Village in South Yorkshire, England

Staincross is a village in South Yorkshire, England, on the border with West Yorkshire. Historically part of the West Riding of Yorkshire, the population now falls within the Darton East ward of the Metropolitan Borough of Barnsley. The village also gave its name to the Staincross wapentake in the West Riding of Yorkshire. It is situated about 3 mi from Barnsley, and 8 mi from Wakefield.

==Geography==
Staincross lies off the A61 road, about three miles north-west of Barnsley. It is located at approximately , and at an elevation of around 410 feet (125 m) above sea level. The section of the A61 between Staincross and Newmillerdam is rated in the top three most dangerous roads in Britain according to a survey conducted by The AA Motoring Trust.

==History==
The name is believed to be derived from a Saxon stone cross ('stane cross') that until the 18th century occupied a position on the junction of Staincross Common - which in itself is an ancient trackway - and Greenside.

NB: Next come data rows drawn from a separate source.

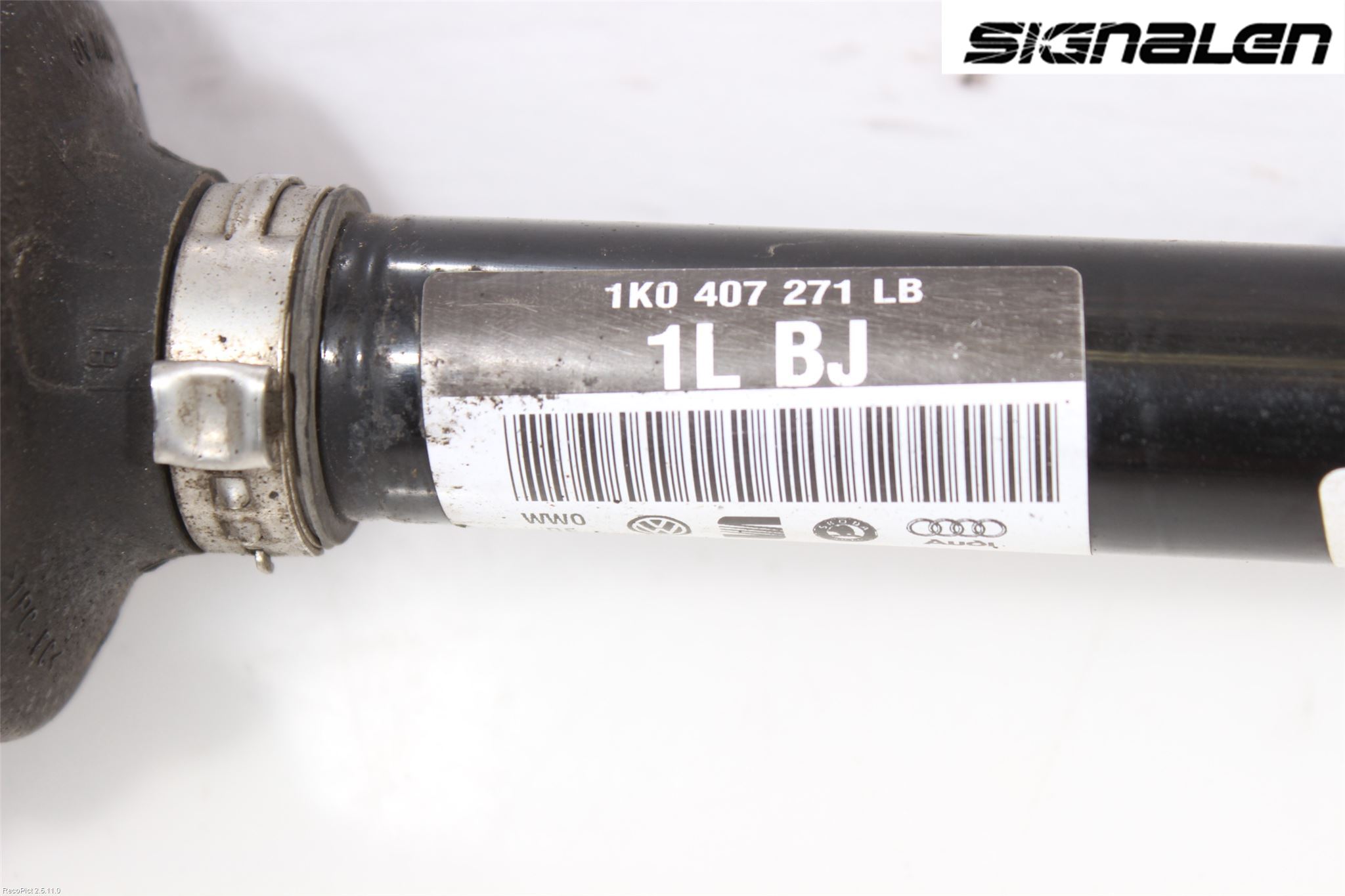 Volkswagen VW GOLF / E-GOLF VII 13-20 Drivaxel Fram Vänster
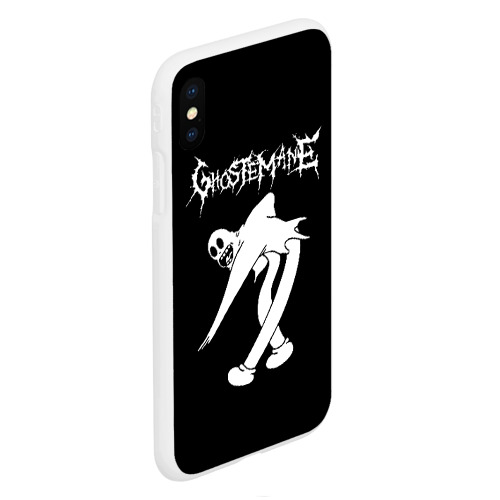 Чехол для iPhone XS Max матовый Ghostemane - фото 3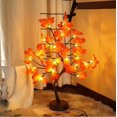 thumbnail image 3 of Luces De Arce De 24 Led: Luces De Árbol De Bonsai De Bricolaje, Interruptor Táctil Alimentado Por USB/batería Lámpara De Árbol De Luces De Hadas Cálidas Para Decoración Del Hogar De Fiesta De Nav, 3 of 5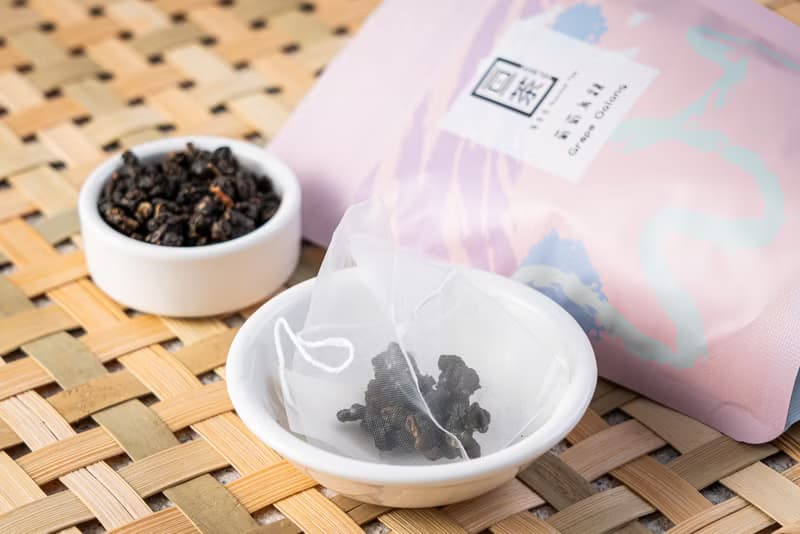 【葡萄烏龍茶包】水果 窨香 原葉立體茶包  5入  |亘茶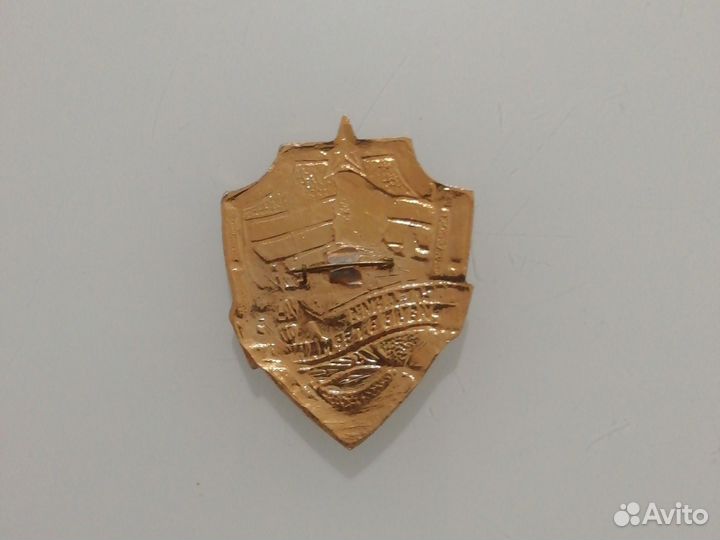 Редкий армейский значок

The stone, now lost, may have been the remains of a rural shrine.
Alternatively, those remains may have been from a typical wapentake meeting cross, now partially reconstructed in Cawthorne parish church grounds a short distance from Ailric's local power base.

==Postal recognition==
After a prolonged campaign (backed by former Test cricket umpire, Dickie Bird, a resident of Staincross), a ballot was held in January 2003 to determine whether the residents of Staincross wanted their mail to include the name of the village. Before the ballot, Staincross mail bore the name of a neighbouring village, either Mapplewell or Darton. Indeed, it is unclear where the boundaries between the three villages lie. Villagers voted overwhelmingly in favour of the proposal by 966 to 199 and Royal Mail implemented changes to officially recognise the village.